Set down, exactly as written, the line containing "2 PINK /Victoria's Secret yoga pants , flare" and all the lines that follow it to the end of the entries below, omitting every picture.

(Image-text web data)
----
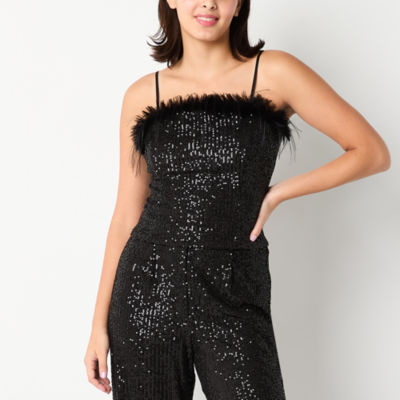 Jcpenney black sequin jumpsuit online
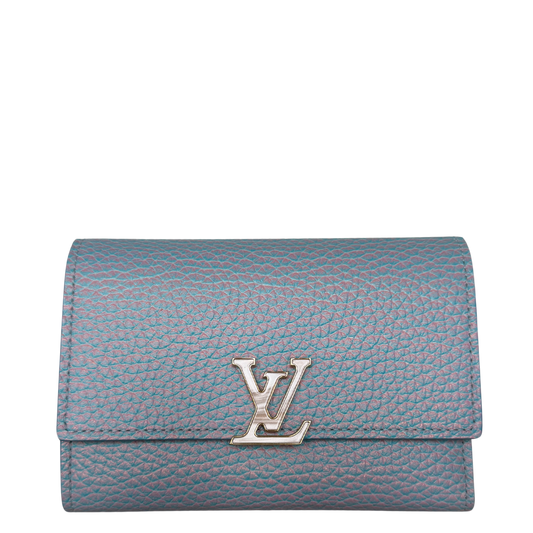 Louis Vuitton Capucines Compact Geldbörse lilac Fullset / neuwertig Louis Vuitton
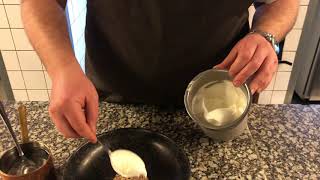 How to perfectly scoop your ice cream with a spoon See how our Head Chef does it [upl. by Annuhsal]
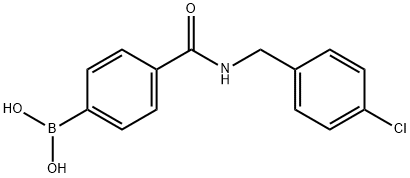 4-(4-氯苯甲基氨基甲酰基)苯基硼酸结构式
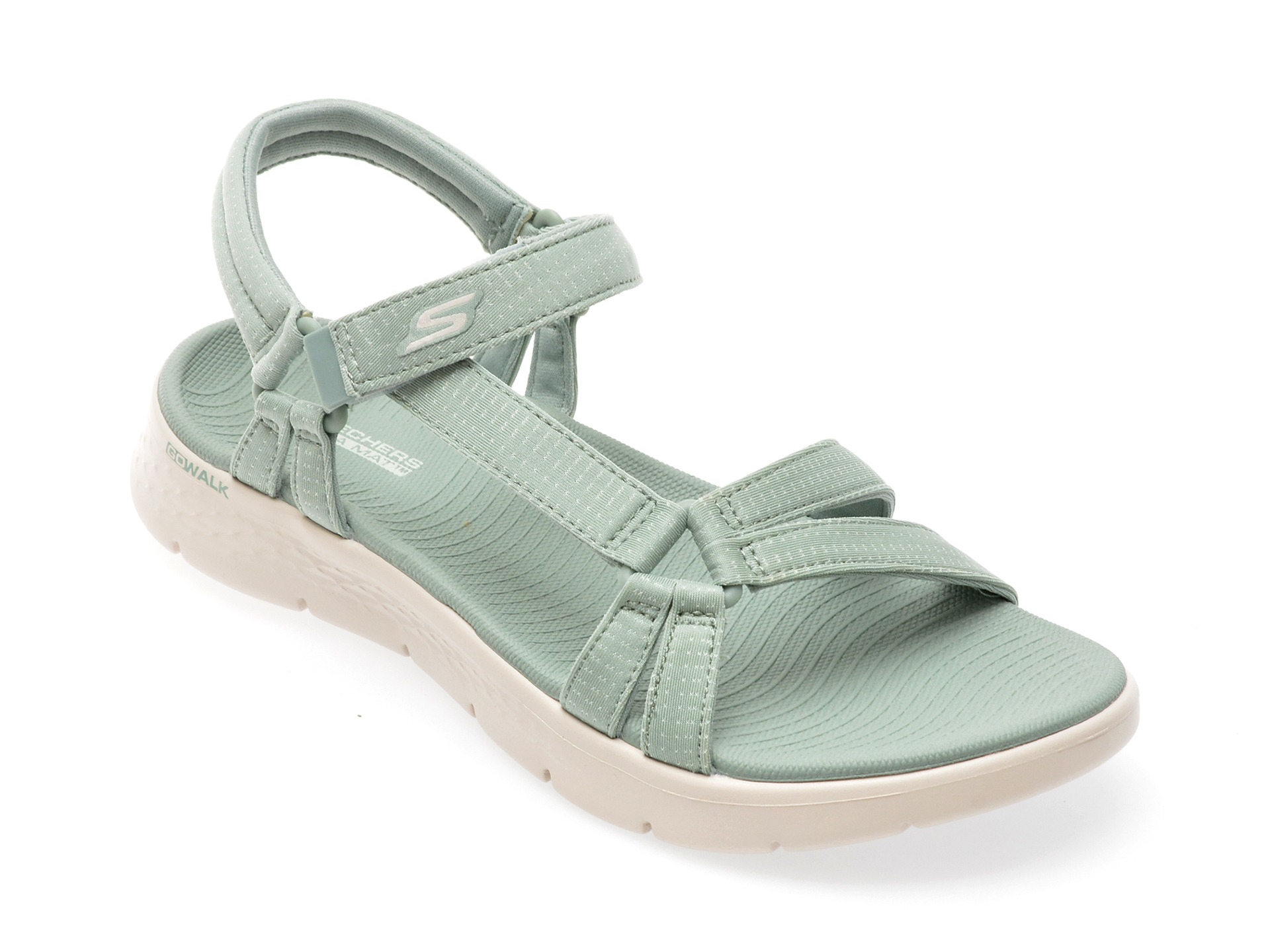 Sandale casual SKECHERS verzi, 141451, din material textil 1 Sandale casual SKECHERS verzi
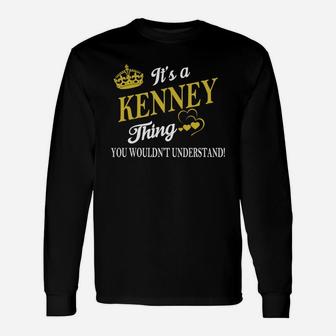 Kenney Shirts It's A Kenney Thing You Wouldn't Understand Name Shirts Long Sleeve T-Shirt - Seseable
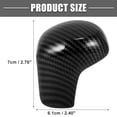 thumbnail image 4 of Motoforti Gear Shift Cover for Honda Civic 10th Gen 2016-2021 ABS Carbon Fiber Pattern Black Auto Interior accessories, 4 of 7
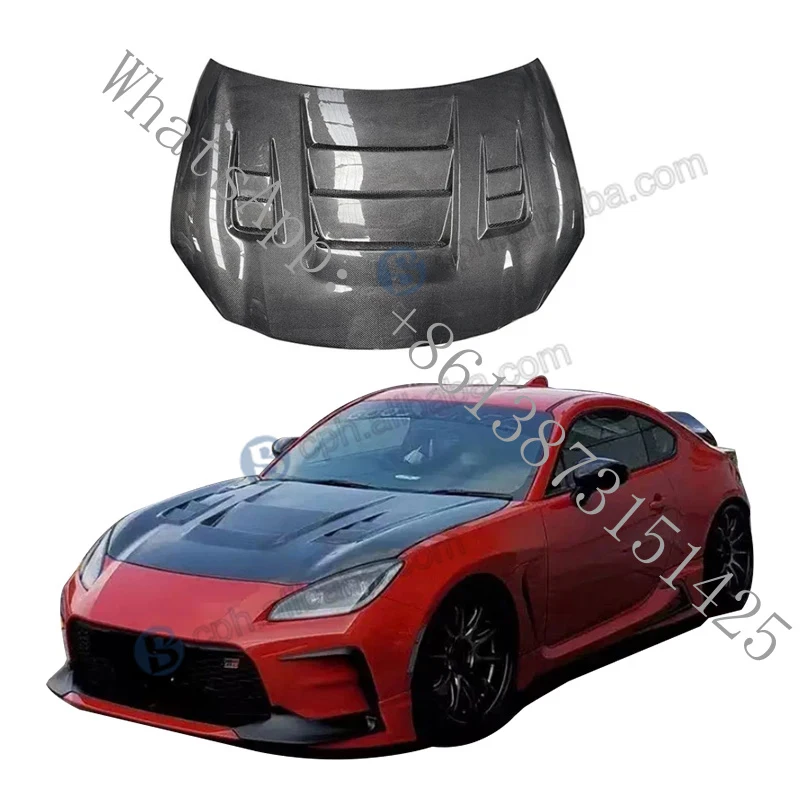 

Customized Real Carbon Fiber Front Hood GR86 BRZ, Carbon Engine Hood, 2023 2024 Upgrade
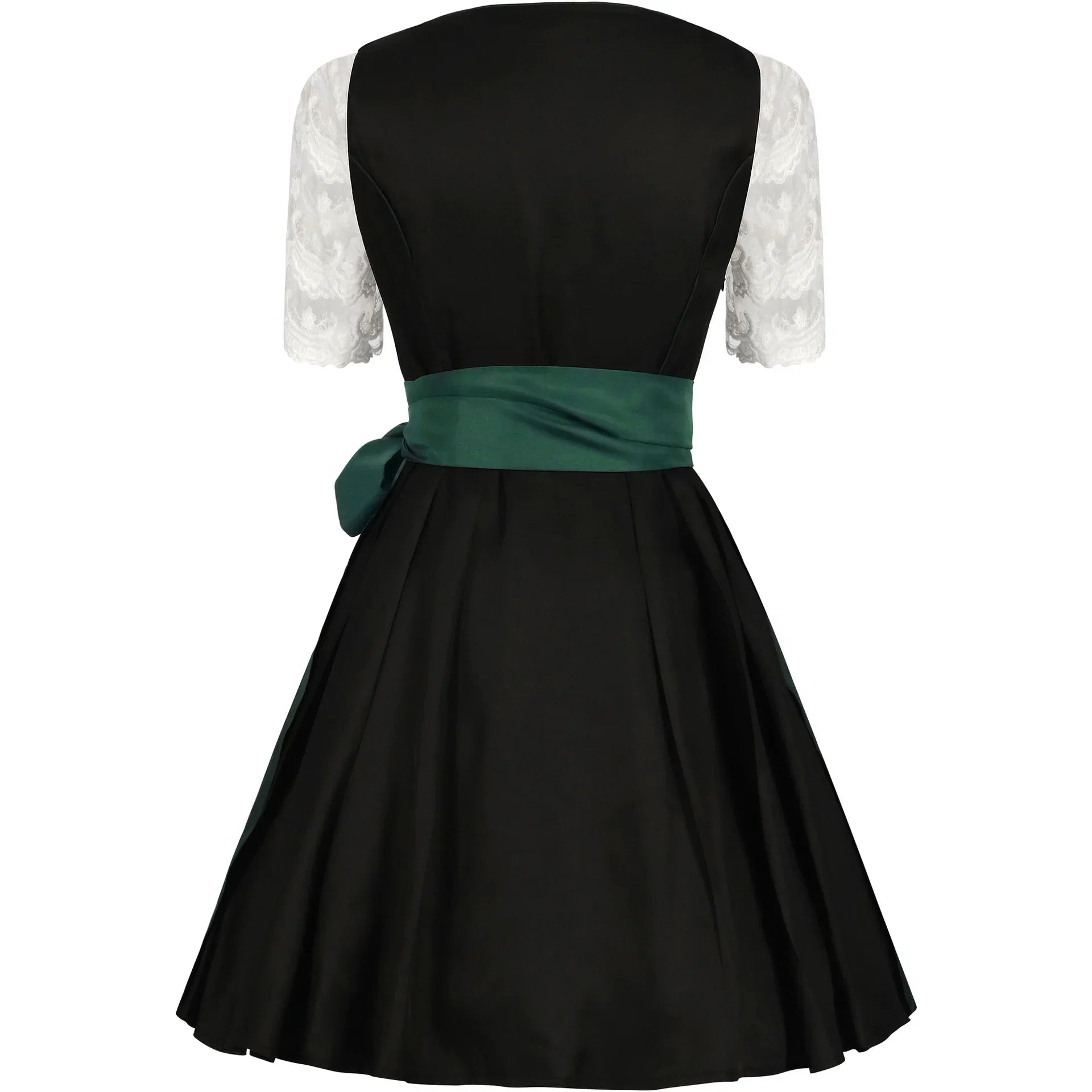 Grünes und Schwarzes Traditionelles Oktoberfest Dirndl für Damen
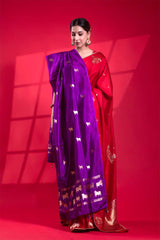 Banarasi Dupatta, purple Dupatta, Bridal Dupatta, Dupatta for women, Dupatta Design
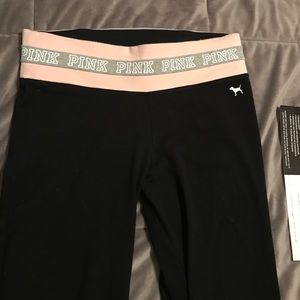 2 PINK /Victoria's Secret yoga pants , flare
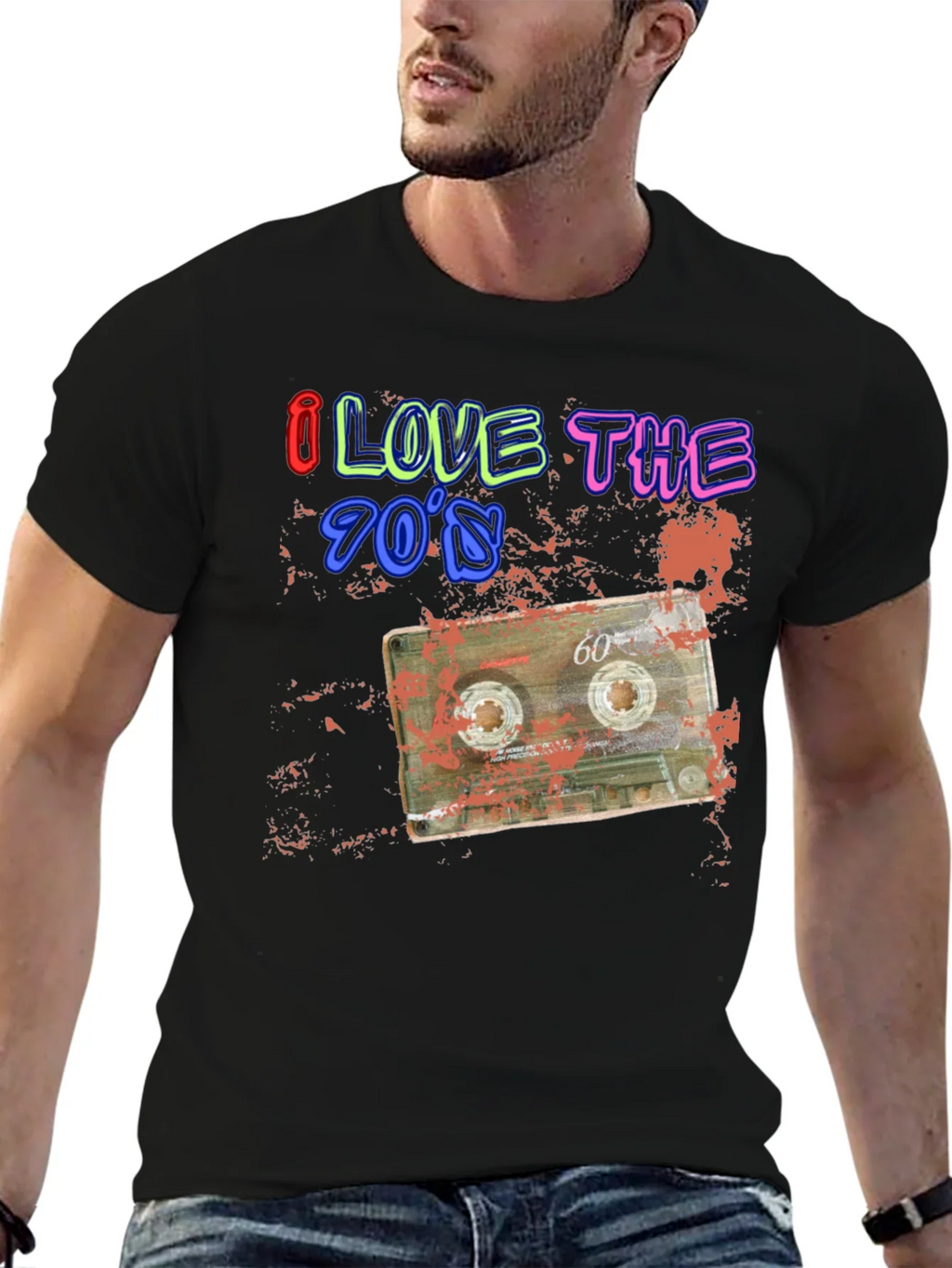 I Love the 70s Retro Cassette Graphic Tee product image 9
----
_Expected answer_
 2 PINK /Victoria's Secret yoga pants , flare
 I Love the 70s Retro Cassette Graphic Tee product image 9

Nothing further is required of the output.